What you have to do
An exact copy is needed of the lines in the entries below from the line with "Teknisi membersihkan unit" up to and including the line with "A spacious living", and of nothing else. Leave the pictures out.

Entries supplied
BEGIN

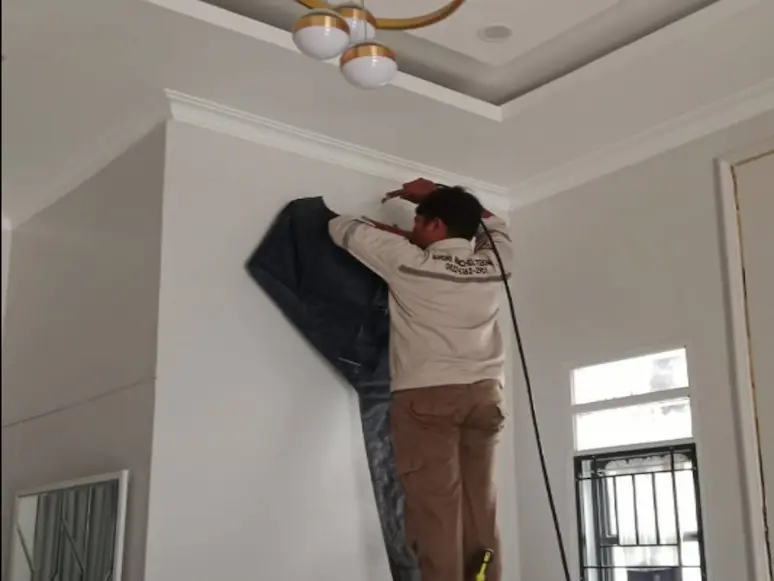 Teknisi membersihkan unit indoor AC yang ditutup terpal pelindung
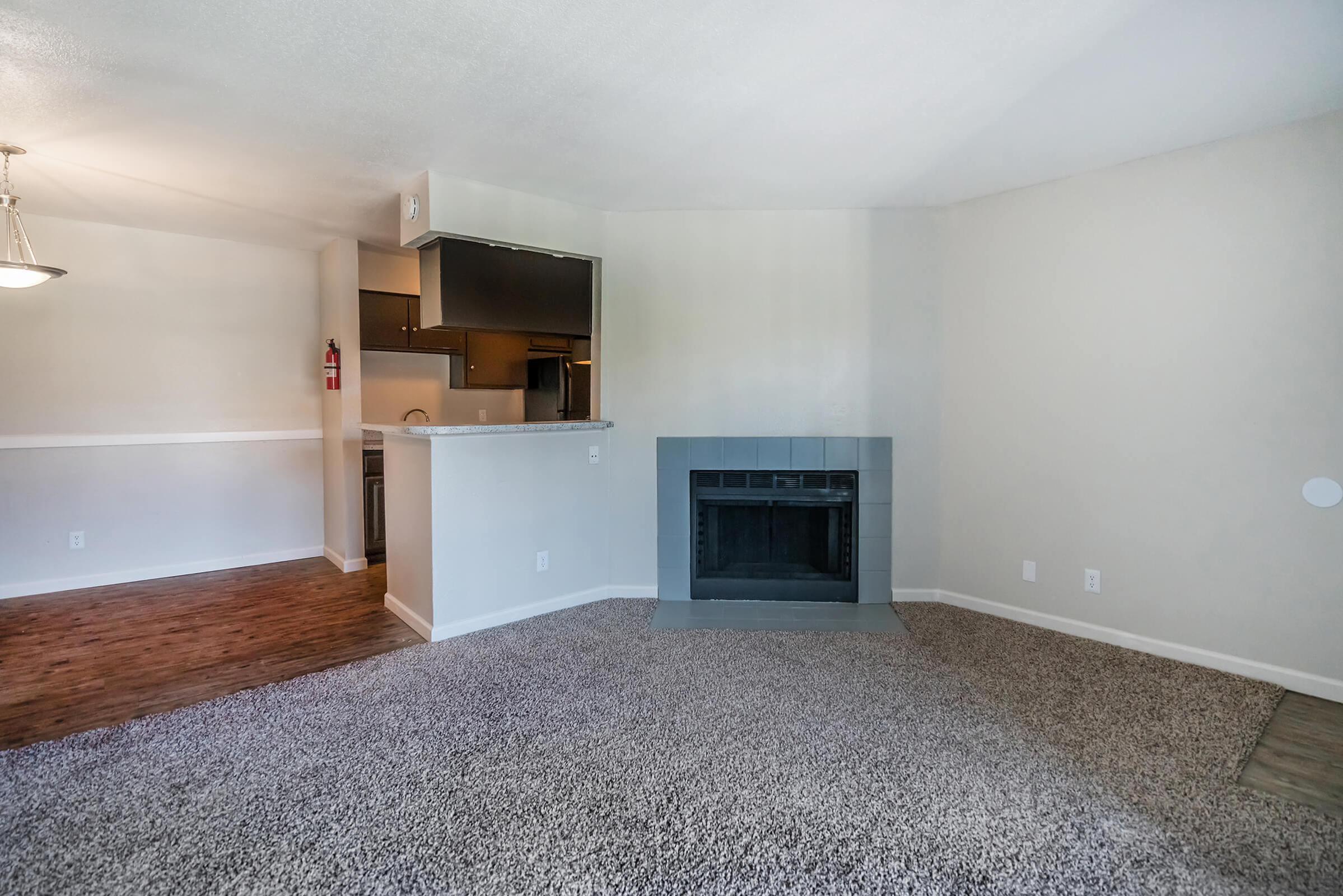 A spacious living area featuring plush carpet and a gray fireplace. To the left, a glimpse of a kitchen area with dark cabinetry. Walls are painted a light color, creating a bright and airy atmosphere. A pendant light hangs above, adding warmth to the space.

END
BEGIN

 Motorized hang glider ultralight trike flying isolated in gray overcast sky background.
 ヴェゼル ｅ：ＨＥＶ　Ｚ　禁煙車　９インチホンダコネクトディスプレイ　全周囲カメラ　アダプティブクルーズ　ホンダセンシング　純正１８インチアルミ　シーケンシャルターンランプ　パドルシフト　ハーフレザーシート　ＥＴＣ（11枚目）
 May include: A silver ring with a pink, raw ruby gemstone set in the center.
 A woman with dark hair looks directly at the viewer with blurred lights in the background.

END
BEGIN

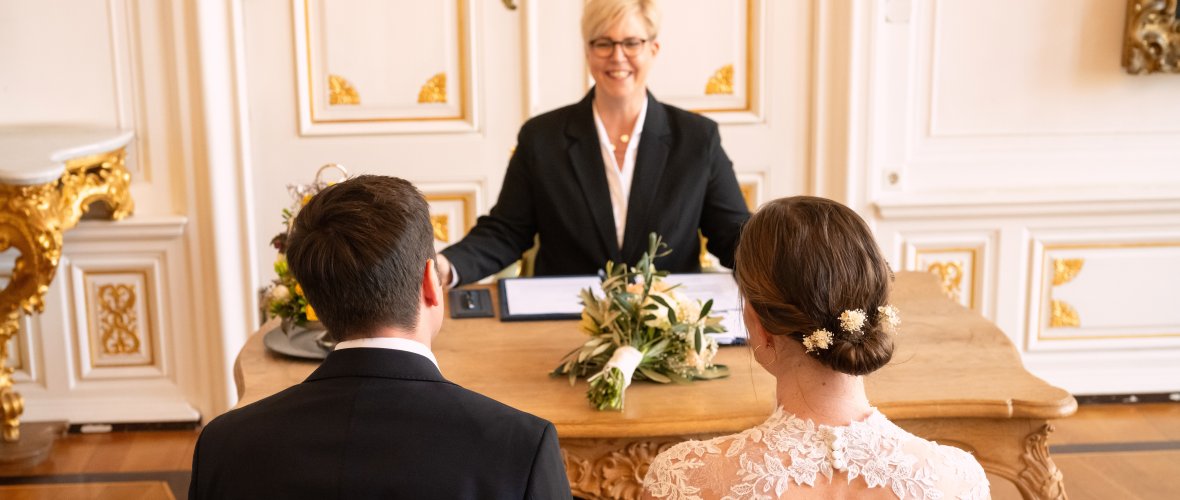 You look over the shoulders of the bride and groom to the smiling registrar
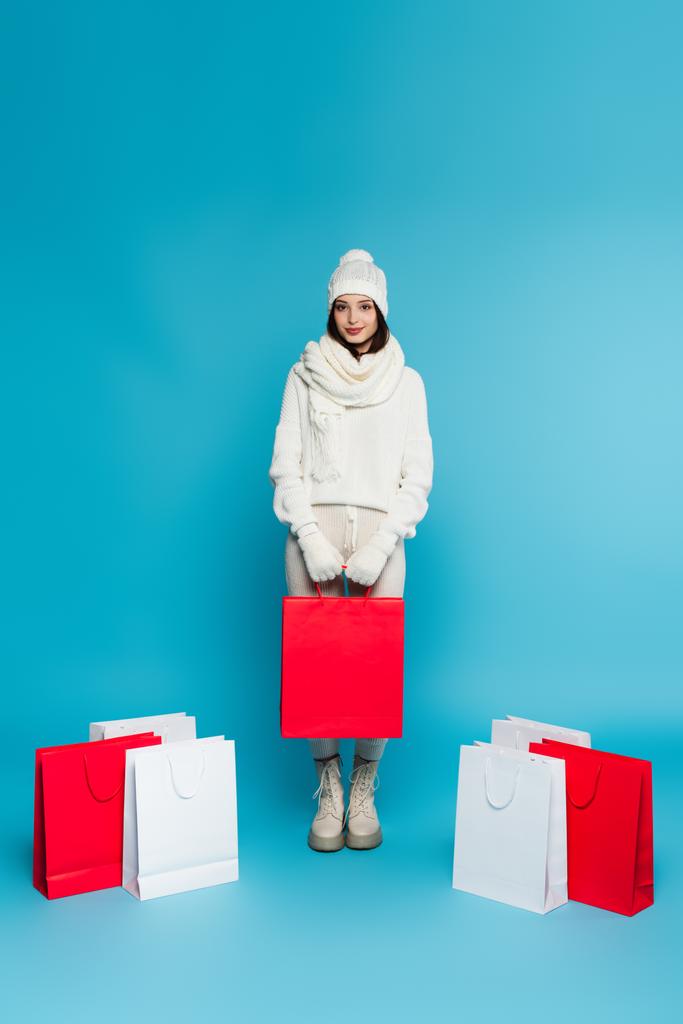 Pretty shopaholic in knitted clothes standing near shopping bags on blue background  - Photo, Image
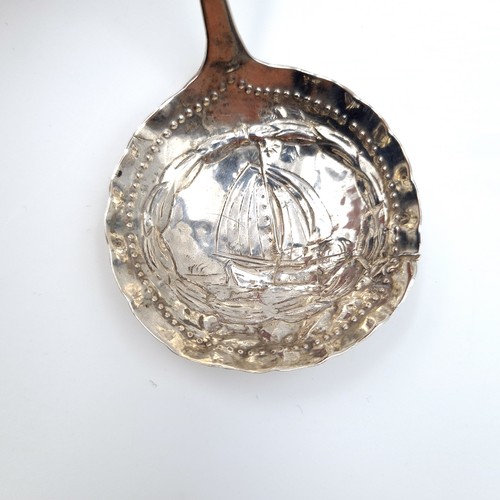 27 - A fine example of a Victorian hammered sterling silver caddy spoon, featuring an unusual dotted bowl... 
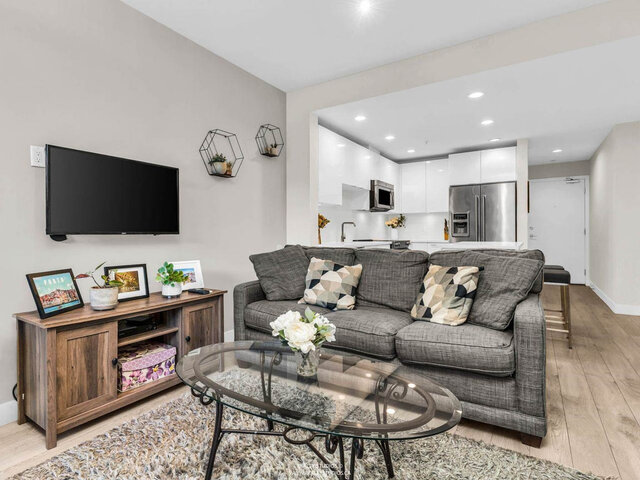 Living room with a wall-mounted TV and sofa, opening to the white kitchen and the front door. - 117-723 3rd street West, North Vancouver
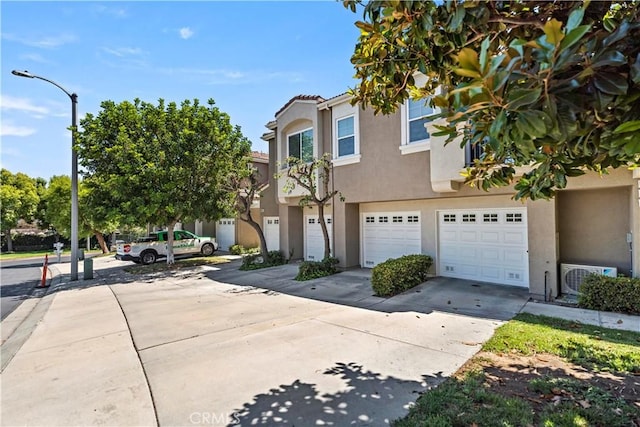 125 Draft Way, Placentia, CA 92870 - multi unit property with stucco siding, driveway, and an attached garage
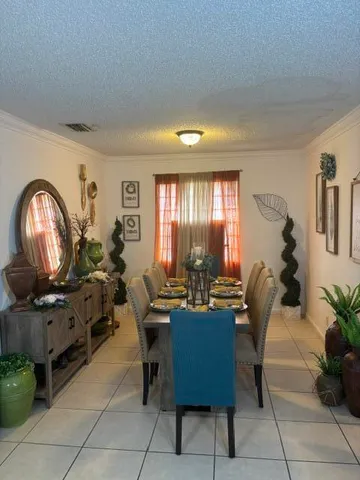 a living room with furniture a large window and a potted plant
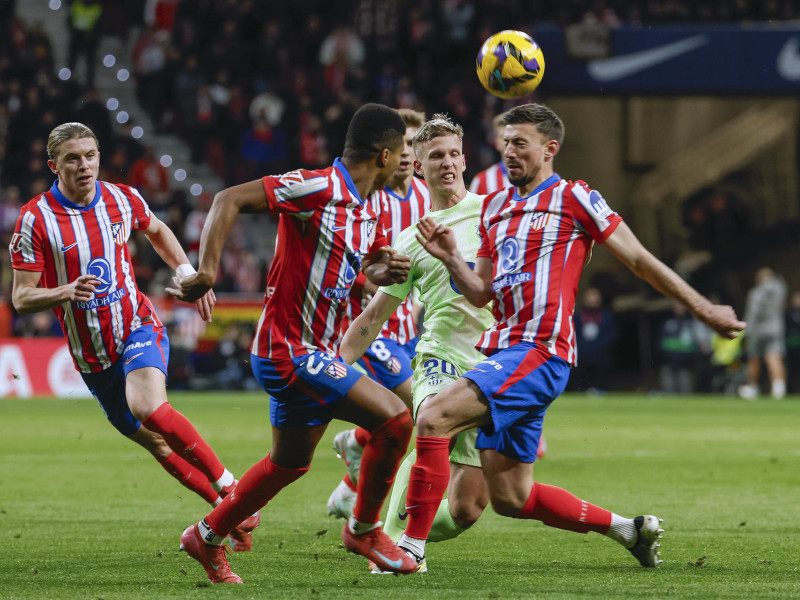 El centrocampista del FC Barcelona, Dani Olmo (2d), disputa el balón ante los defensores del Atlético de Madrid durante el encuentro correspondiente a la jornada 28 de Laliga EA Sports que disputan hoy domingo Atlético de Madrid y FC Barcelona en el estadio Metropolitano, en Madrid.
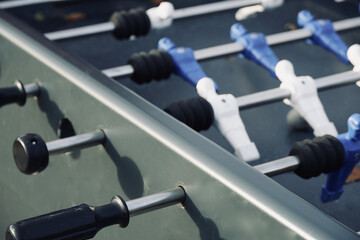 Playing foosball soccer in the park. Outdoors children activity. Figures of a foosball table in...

END

Answer below
 Teknisi membersihkan unit indoor AC yang ditutup terpal pelindung
 A spacious living area featuring plush carpet and a gray fireplace. To the left, a glimpse of a kitchen area with dark cabinetry. Walls are painted a light color, creating a bright and airy atmosphere. A pendant light hangs above, adding warmth to the space.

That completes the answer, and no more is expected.